Posts Tagged ‘Lamgston Hughes’

Homage or appropriation?

Friday, December 6th, 2019

As so often A D Coleman got me thinking with his look at The Waters of Our Time in his post Three Weeks in Bookworm Heaven (3), one of a short series about his recent 3 week residency on a Teti Photography Fellowship at the Institute of Art and Design at New England College in Manchester, NH, USA.

The book by photographer Thomas Roma and his writer and musician son Giancarlo T. Roma is very clearly based in its concept and design on the ground-breaking 1955 publication The Sweet Flypaper of Life in which photographs by Roy DeCarava were accompanied with a fictional text inspired by the images written by the poet Langston Hughes, who edited a larger selection to fit his writing. This was the first monograph by a Black photographer, and the publisher had been reluctant to publish it simply as a book of photographs but accepted the work with the much better-known poet’s name as co-author.

If you don’t have a copy of The Sweet Flypaper of Life you can get an idea of the book in another page turning video which shows not the original but the 1984 Howard University Press edition, and even the music is rather better and more appropriate than the Roma book linked above.

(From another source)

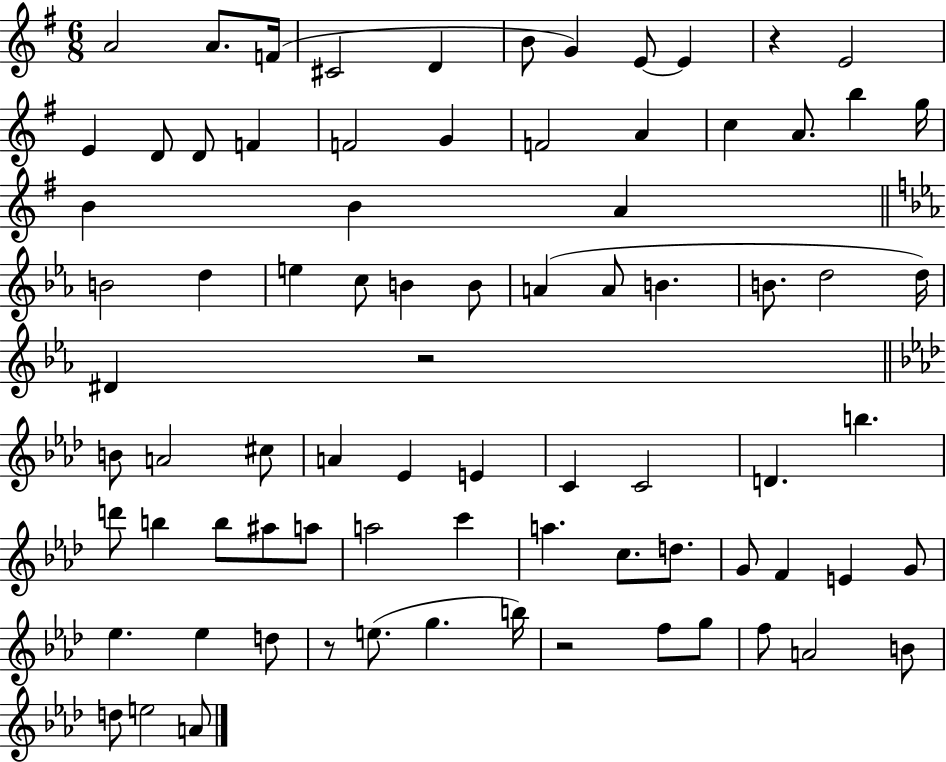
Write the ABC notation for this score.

Not that Richie Havens version of the Jerry Merrick song “Follow” which accompanies that page-through is bad; it’s a great song but pacing the view of the book to it just doesn’t work, and the words are an unfortunate intrusion into the viewing of the pictures. Sentences from Merrick’s lyrics are also quoted at intervals in the text of the book – which accounts for the pacing of the video which more or less keeps up with there use. It’s quite hard to keep up with the pace reading the rest of the text, and I had to pause the video a few times both to look at the pictures and to read it.

Unfortunately, although there are some interesting images, too many fail to have much interest to me, and the juxtaposition with the images seldom seems to really make sense. Even the layout of the images and text, a feature of the original work, seems shoe-horned into an inappropriate format. Coleman has clearly studied the work at greater length and depth than I and in book form rather than the video, and it is hard to disagree with his conclusions.

Fortunately for those of us who lacked the foresight to buy the 1955 original of The Sweet Flypaper of Life, a near-facsimile edition with an afterword came out in 2018 and can still be bought new as well as second-hand.

You can also watch several short clips about De Carava on You Tube as well as a lengthy panel discussion of ‘The Sweet Flypaper of Life’ moderated by Thelma Golden, director and chief curator of The Studio Museum in Harlem -has an introduction to the book at around 19’12”, after which each of the panel, including A D Coleman, talks about their favourite image from the book. There is a set of his images on NPR, along with some links.